Captioned web image data:
Segment Open

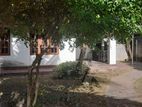 Valuable House with Land for Sale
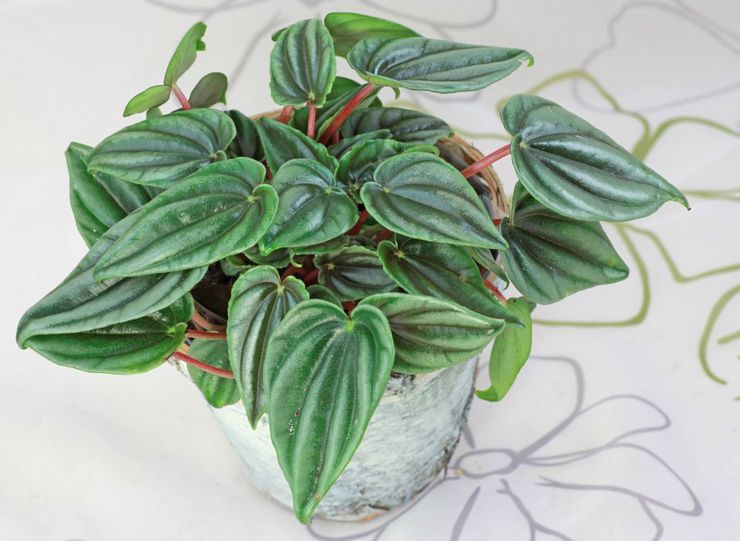 Marbre Peperomia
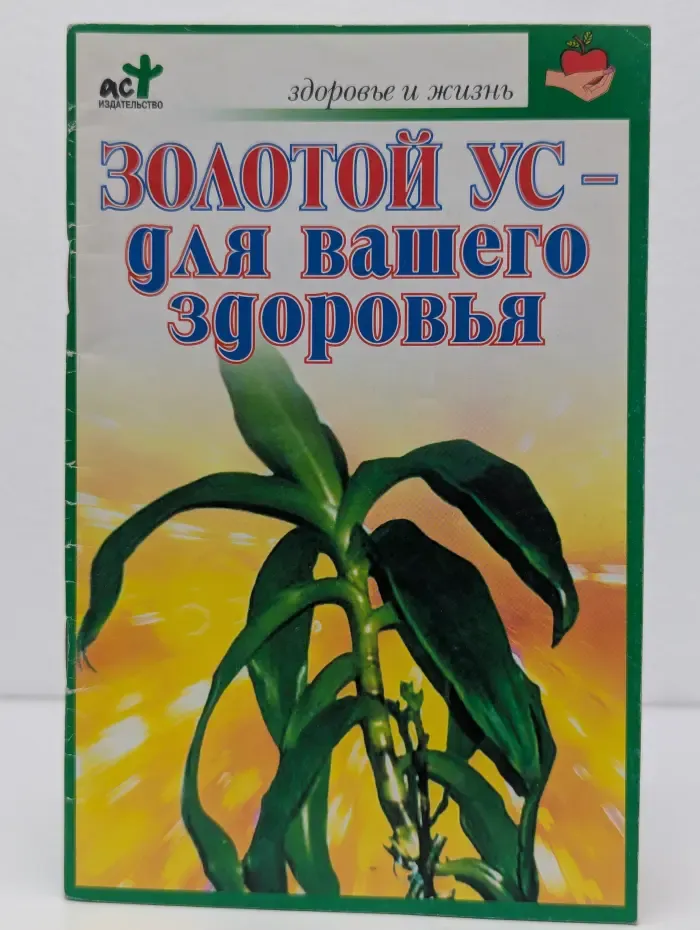 Золотой ус - для вашего здоровья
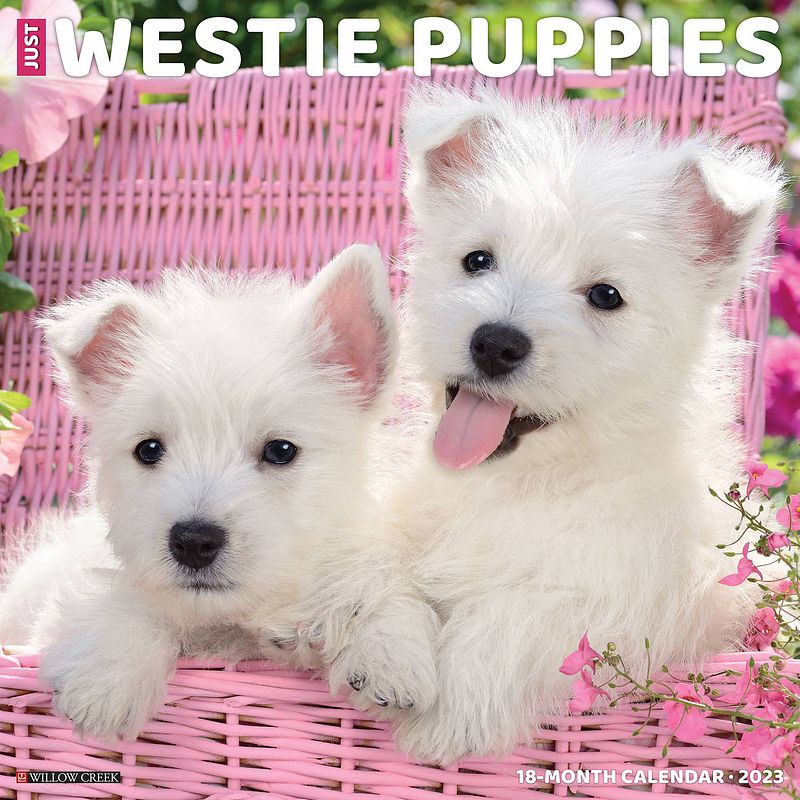 Foto van West highland white terrier puppies kalender 2023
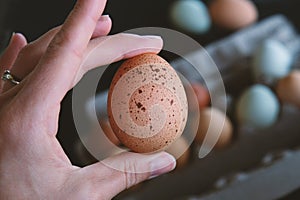 Hand holding brown speckled egg with carton in background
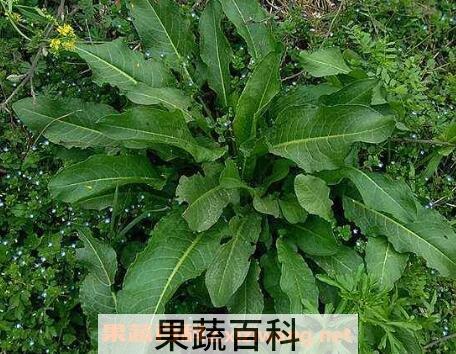 野菠菜根的功效与作用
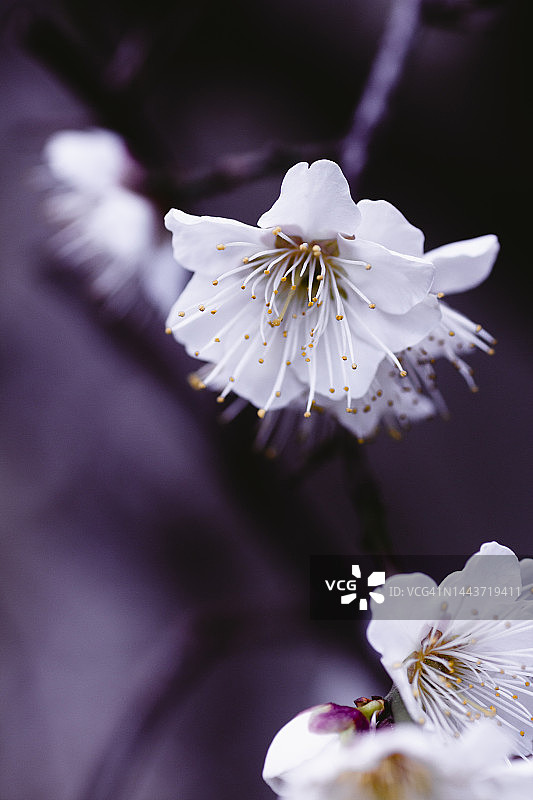 日本白梅花图片素材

Segment Closed

■ WHAT TO PRODUCE ■
Once you find the line that contains "Золотой ус - для вашего здоровья", give it again along with every later line through the end of the data, word for word, minus the pictures.

■ SOLUTION ■
 Золотой ус - для вашего здоровья
 Foto van West highland white terrier puppies kalender 2023
 Hand holding brown speckled egg with carton in background
 野菠菜根的功效与作用
 日本白梅花图片素材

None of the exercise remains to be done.